A parlare il q’eqchi’, attualmente la più diffusa delle lingue di ceppo maya che a stento sopravvivono nell’America centrale, sono rimaste oggi poco meno di 900mila persone che vivono prevalentemente in Guatemala e, in piccola parte, nel confinante Belize. E q’eqchi’ è anche il nome del popolo che si ostina a parlare questa lingua, un popolo che vanamente Bartolomé de las Casas, il vescovo spagnolo nominato da Ferdinando II “procurador o protector universal de todos los indios de las Indias", tentò di convertire al cristianesimo negli anni a cavallo del 1500.

Tra questi ultimi eredi di una civiltà che già ai tempi dei conquistadores spagnoli era in declino, l’allegra Brigata di Cucina del Postalista si è spinta in cerca di un piatto anch’esso precolombiano, il cui nome, nell’antico linguaggio che è ancora la lingua “ufficiale” di certe osterie del dipartimento di Verapaz, significa alla lettera “rosso peperoncino”.

Si tratta del kaq’ik, che fin dal suo ingrediente di base, il chompipe, rivela le sue antiche origini.
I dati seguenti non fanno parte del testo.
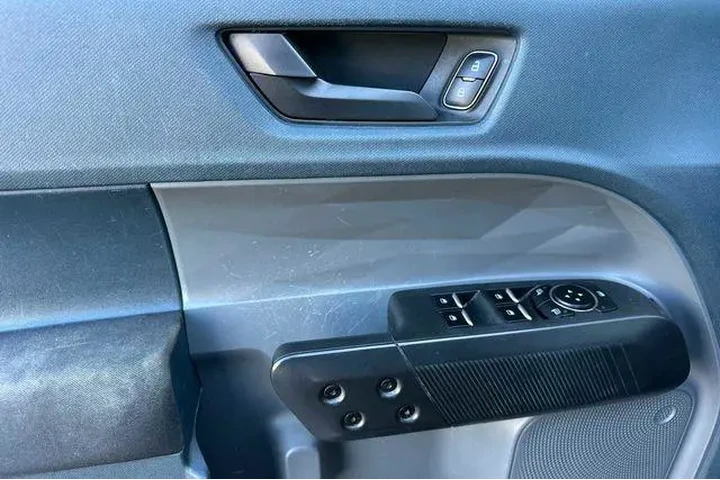 $19636 : Ford Maverick 2022 AWD XL 4d image 10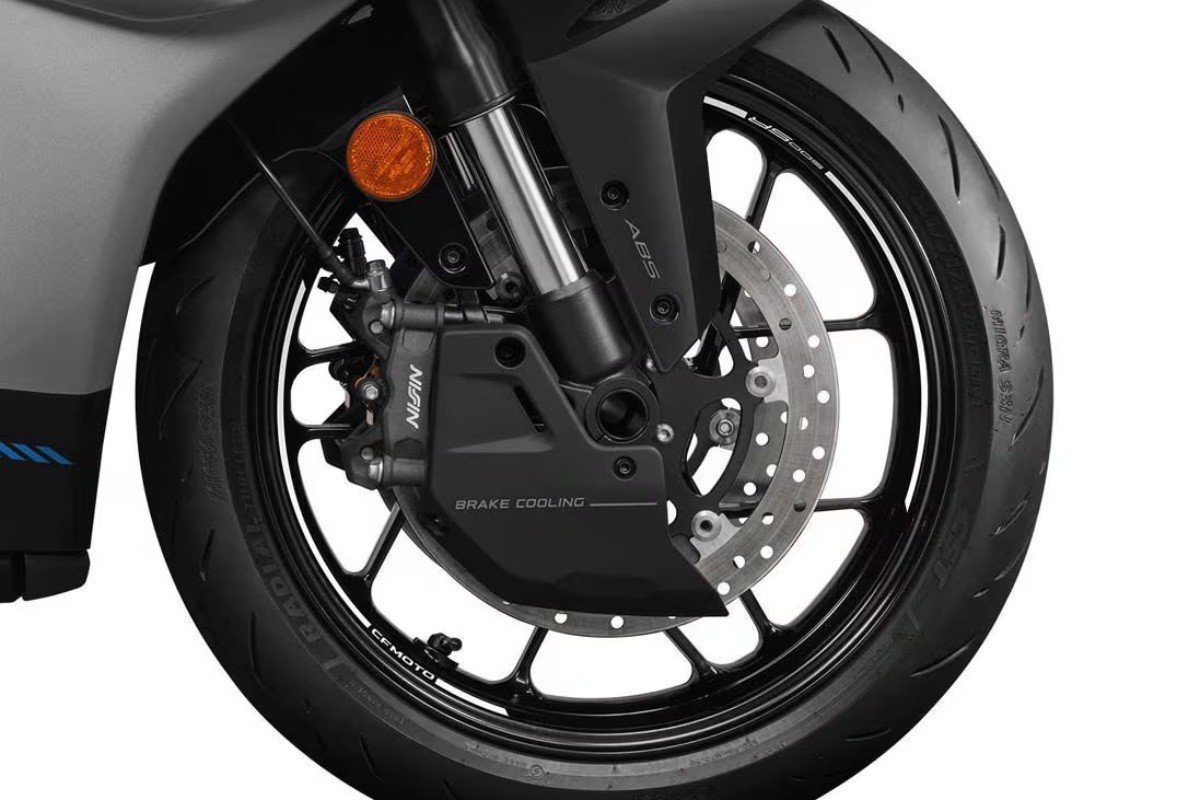 cfmoto 500sr 2026 3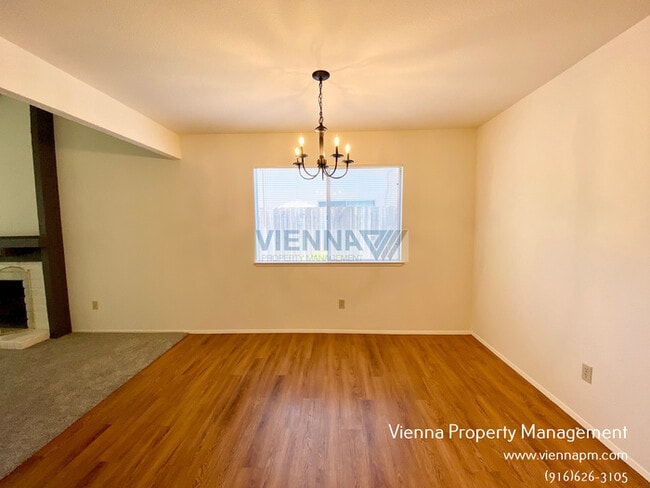 Building Photo - 3309 Huntsman Dr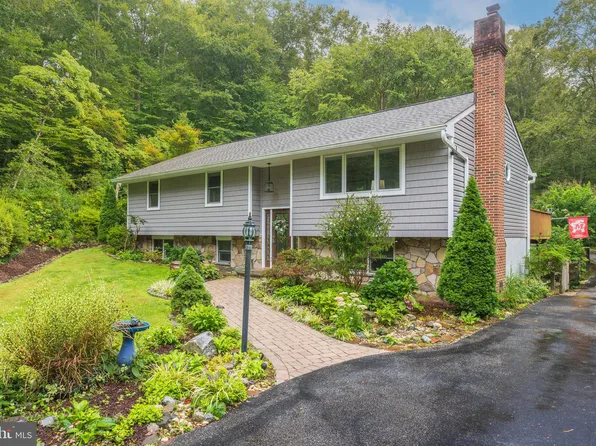 2114 Hallmark Dr, Gambrills, MD 21054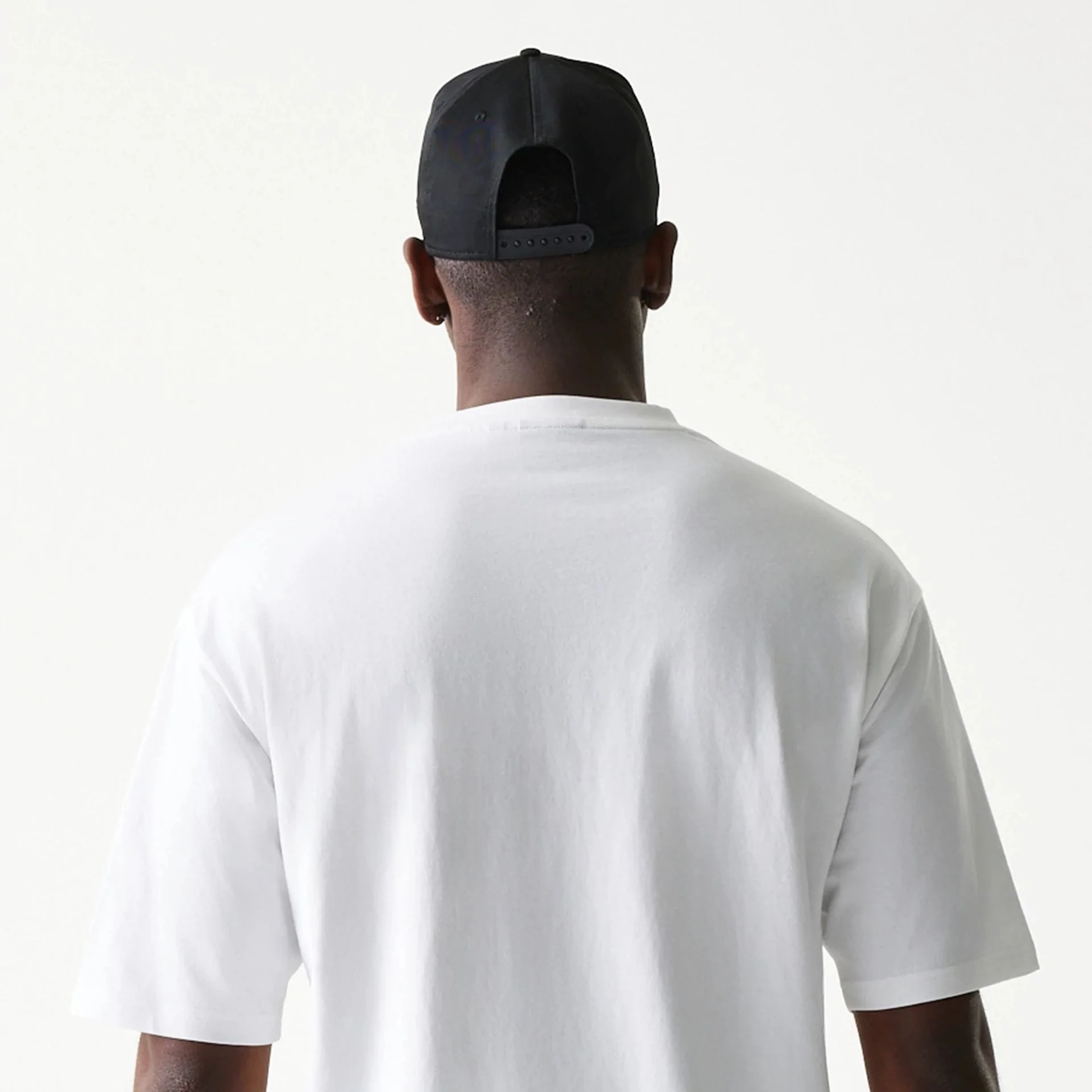 Chicago Bulls NBA White Oversized T-Shirt - Image 7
E precolombiani sono anche tutti gli altri ingredienti di questo saporito (e piccantissimo) stufato che, da sempre considerato il piatto nazionale guatemalteco, è stato qualche anno fa dichiarato ufficialmente “patrimonio culturale immateriale del paese”.

Il nostro chompipe, che è poi quello che noi abbiamo ribattezzato tacchino, viene fatto a pezzi e messo a bollire con le foglie verdi di cipolla e aglio freschi, samat (una pianta autoctona chiamata anche coriandolo di montagna) e un bel ramo di hierbabuena, la menta selvatica centroamericana indiscussa regina, a Cuba, del mojito.

Mentre la carne cuoce si tostano i semi di zucca che, una volta ridotti in polvere insieme all’ajonjolì (variante locale del sesamo) e a grani di pepe, serviranno ad addensare la salsa di pomodoro nella quale avverrà l’ultima parte della cottura.

Abbiamo detto salsa di pomodoro, ma in realtà si tratta di un condimento dove a farla da padroni sono i peperoncini (dai neri pasas ai rossi guaques, in una varietà che trova limiti solo nella disponibilità stagionale e nella fantasia del cuoco), i peperoni dolci, la cipolla e il miltomate, che è il nome che da queste parti viene dato al tomatillo, il pomodorino “con le foglie” antesignano del pomodoro diffuso in tutto il mondo dagli spagnoli dopo la conquista.

Il quale pomodoro, beninteso, c’è anche nel nostro kaq’ik, ma serve più che altro a dare la giusta consistenza all’intingolo dove, nell’ultima mezz’ora, verranno posti a terminare la cottura i pezzi di tacchino. E a questo punto va aggiunta anche una buona dose di achiote in polvere o in pasta, una spezia locale dal sapore amarognolo e dal vivacissimo colore rosso.

Lo stufato viene servito accompagnato dal brodo di bollitura del tacchino e dagli immancabili tamales, focaccine di farina di mais avvolte in foglie di banano e cotte al vapore. Sulla tavola, insieme ai tamales, è sempre presente il temibile peperoncino cobanero in polvere, ma l’allegra Brigata ne sconsiglia l’uso a palati non avvezzi a certi livelli di piccantezza.

Oggi è abbastanza comune vedersi servire anche una scodella di riso bollito, ed è questo l’unico tra i tanti ingredienti che abbiamo fin qui nominato a non essere conosciuto dagli antichi progenitori degli odierni q’eqchi’.

Tutto il resto, dal piccante del “peperoncino” al “rosso” dell’achiote, già si accompagnava al tacchino negli ancestrali kaq’iq dei maya secoli prima dello sbarco di Cristoforo Colombo.